As she spoke, Giannina Bastíu lost something of the calm she had preserved until that moment, letting silent tears fall from her eyes. Don Frantziscu draped a purple stole round his neck and began to pray as a respectful form of distraction. While the priest was inflicting on the defenceless corpse what Nicola would never have accepted alive, Andría abruptly went out of the room, leaving his mother to console herself with the rhythmical Latin of the prayers. He waited outside with his father until the priest came out, listening in silence to their conversation.

“Is it known what happened?” Don Frantziscu said.

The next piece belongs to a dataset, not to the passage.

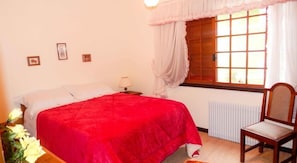 Departamento clásico, 1 habitación | 1 habitación, tabla de planchar con plancha, wifi gratis y ropa de cama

Old Bastíu shook his head in bewilderment. “Dr Mastinu has spoken of a heart attack. To me that doesn't seem possible. If any part of my son was still in good shape, it was his heart.”

“The Lord never gathers unripe fruit, Salvatore. We all leave when the time is ripe for us to depart. Be strong.”

“I'm not short of strength, Don Frantziscu. It's just that pain's an ugly thing, and you can't know that until you feel it.”

“Be comforted in the knowledge that he is better off where he is now.”

To crown this series of trite remarks, the priest turned to Andría, who had not responded positively to any of his invitations to resign himself. Like a shadow at Salvatore's shoulder, the lad seemed to be waiting for something.